Synthesis and characterization of reduced graphene oxide wrapped MoO3/TiS2 nanocomposite for high performance energy storage applications

[Display omitted] •The rGO/TiS2/MoO3 electrode is fabricated.•The incorporation of TiS2/MoO3 in the reduced graphene oxide has improved the electrochemical performance.•The rGO/TiS2/MoO3 electrodes retained 98.56 % of their specific capacitance after 8000 cycles.•The rGO/TiS2/MoO3 nanocomposite electrode showed specific capacitance of 1044 mAh/g, for current density of 1 A/g.•The stability of the nanocomposite was enhanced without altering its morphology and chemical structure. Reduced graphene oxide (rGO) is added to MoO3 and TiS2 to develop several hybrid electrode materials, including rGO/MoO3, rGO/TiS2, and rGO/MoO3/TiS2 to enhance the electrochemical performance. SEM/EDX, TEM, XRD, XPS, and Raman techniques are used to study the resulting hybrid electrode materials. The specific capacitance and charge–discharge stability of the synthesized rGO/MoO3, rGO/TiS2, and rGO/MoO3/TiS2 electrode materials are assessed using galvanostatic and cyclic voltammetry testing. The rGO/MoO3/TiS2 exhibits higher specific capacitance of 1043.72 mA h/g at 20 mV/s as compared to rGO/TiS2 (625.61 mA h/g), rGO/MoO3 (567.54 mA h/g), and rGO (154.40 mA h/g), among the examined.
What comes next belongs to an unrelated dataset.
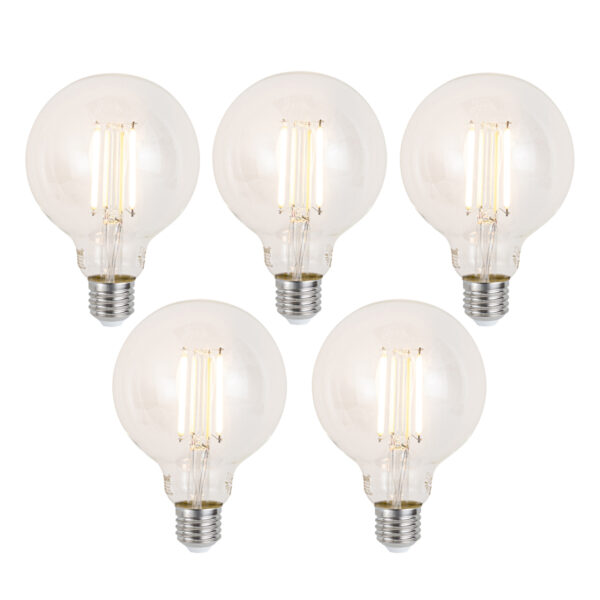 5 db Okos E27 Dimmelhető LED Izzó G95 Átlátszó 7W 806lm 2700-6500K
All electrochemical measurements were conducted in a 3 M KOH solution. The rGO/MoO3/TiS2 electrode was found to have Rct value of 20.8 Ω.cm2. This value was much lower than that of the rGO electrode (89.8 Ω.cm2), indicating that the rGO/MoO3/TiS2 exhibits much lower resistance, which causes the improved electrochemical performance of the rGO/MoO3/TiS2. The retention of capacitance of 98.56 % after 8,000 cycles at 1 A/g shows that this rGO/MoO3/TiS2 hybrid electrode also exhibits good cycling stability. The rGO/MoO3/TiS2 composites' respective energy and power densities are determined to be 882 Wh/kg and 5773 W/kg. The good electrochemical performance of the rGO/TiS2/MoO3 composite anode is closely related to its structure, in which the TiS2/MoO3 nanoparticles are not only homogeneously anchored on the surface but also embedded in the interlayer of the rGO sheets; hence the volume change and aggregation of the TiS2/MoO3 nanoparticles can be effectively hindered. On the other hand, rGO itself is an electronic conductor; the rGO and TiS2/MoO3 nanoparticles connect closely, which offers large electrode/electrolyte contacting area, short path length for transporting of ions.